Now I certainly recognize the importance of the conventional approach to organizational communication—communication within organizations based on an informational view of communication … but I’m trying to push us to a deeper, more sophisticated understanding of organizational communication—organizations as communication, based on a constitutive view of communication.

The point, then, is that a constitutive view of organizations as communication enables us to question and investigate key organizational realities, not just accept them as given. We can question the existence of the organization—its structure, its forms of power, its guiding assumptions, its norms of operations—and so on. If these organizational features are not “natural,” but rather came into existence through specific communication processes, then we can examine the implications of those communication processes and explore ways of communicating that lead to more favorable organizational outcomes for more people.
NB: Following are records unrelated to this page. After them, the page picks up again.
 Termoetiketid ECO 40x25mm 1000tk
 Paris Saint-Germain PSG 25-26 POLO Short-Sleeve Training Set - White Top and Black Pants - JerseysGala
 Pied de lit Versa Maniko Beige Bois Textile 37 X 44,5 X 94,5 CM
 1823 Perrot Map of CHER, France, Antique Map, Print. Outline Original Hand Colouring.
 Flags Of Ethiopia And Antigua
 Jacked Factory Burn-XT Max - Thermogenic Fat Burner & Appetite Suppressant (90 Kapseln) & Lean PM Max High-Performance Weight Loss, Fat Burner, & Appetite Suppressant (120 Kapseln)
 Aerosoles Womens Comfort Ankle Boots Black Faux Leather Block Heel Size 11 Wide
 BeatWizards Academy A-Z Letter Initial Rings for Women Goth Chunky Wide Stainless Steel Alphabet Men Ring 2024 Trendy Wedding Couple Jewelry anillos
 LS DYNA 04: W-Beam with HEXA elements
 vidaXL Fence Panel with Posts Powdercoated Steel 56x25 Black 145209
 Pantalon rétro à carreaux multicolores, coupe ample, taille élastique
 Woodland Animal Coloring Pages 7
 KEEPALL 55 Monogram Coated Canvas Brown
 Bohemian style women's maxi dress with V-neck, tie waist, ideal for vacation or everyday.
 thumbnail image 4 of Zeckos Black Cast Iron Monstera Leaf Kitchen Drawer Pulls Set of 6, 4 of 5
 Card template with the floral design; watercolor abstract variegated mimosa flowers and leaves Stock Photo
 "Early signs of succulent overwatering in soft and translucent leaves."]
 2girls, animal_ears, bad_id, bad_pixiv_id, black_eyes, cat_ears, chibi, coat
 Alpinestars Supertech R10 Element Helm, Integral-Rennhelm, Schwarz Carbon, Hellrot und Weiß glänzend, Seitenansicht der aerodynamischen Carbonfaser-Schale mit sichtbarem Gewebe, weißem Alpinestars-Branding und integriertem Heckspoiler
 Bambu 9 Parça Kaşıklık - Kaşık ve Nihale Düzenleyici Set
We can examine, for example, how certain patterns of interaction give rise to norms of conflict resolution, or how the taken‐for‐granted values of a particular industry or sector shape the practice of leadership, or how interpersonal dynamics affect the success of an organizational change initiative. We can look at how certain views of masculinity or femininity are connected to communication practices, or how our very identities are often created and sustained through organizational communication. We can uncover hidden forms of power and control that are embedded within communication processes. We can explore ways to make organizations more equitable and representative by surfacing alternative voices. We can figure out how to make organizations more productive, adaptive, and responsive through organizational communication that encourages innovation and collaboration. Whatever the case, a constitutive view of organizations as communication provides a much stronger explanatory framework to understand the complexities of organizing and communicating.

What I’m advocating, therefore, is a communicative approach to our understanding of organizations. Organizational communication is all about taking a communication perspective to the study of organizations—exploring organizations through the lens of communication. Communication is not the thing to be explained; communication actually provides an explanatory framework from which to understand the complexities of organizational life.

Of course our natural tendency is to relapse back to the conventional view, the container metaphor‐‐communication within organizations—because it seems simple and intuitive from a limited perspective. But I’m trying to push us towards a deeper understanding, a perspective that better accounts for the complexities of organizing and human interaction.

So what is organizational communication? And what are we doing when we study organizational communication? Communication is “organizational” not just because it happens within organizations, but rather because it coordinates the activities and interpretations of multiple people into an organized, recognizable form and sustains or alters this form for subsequent collective action. To study organizational communication, therefore, is to study the fundamental social processes that create and sustain the dominant structures of our society.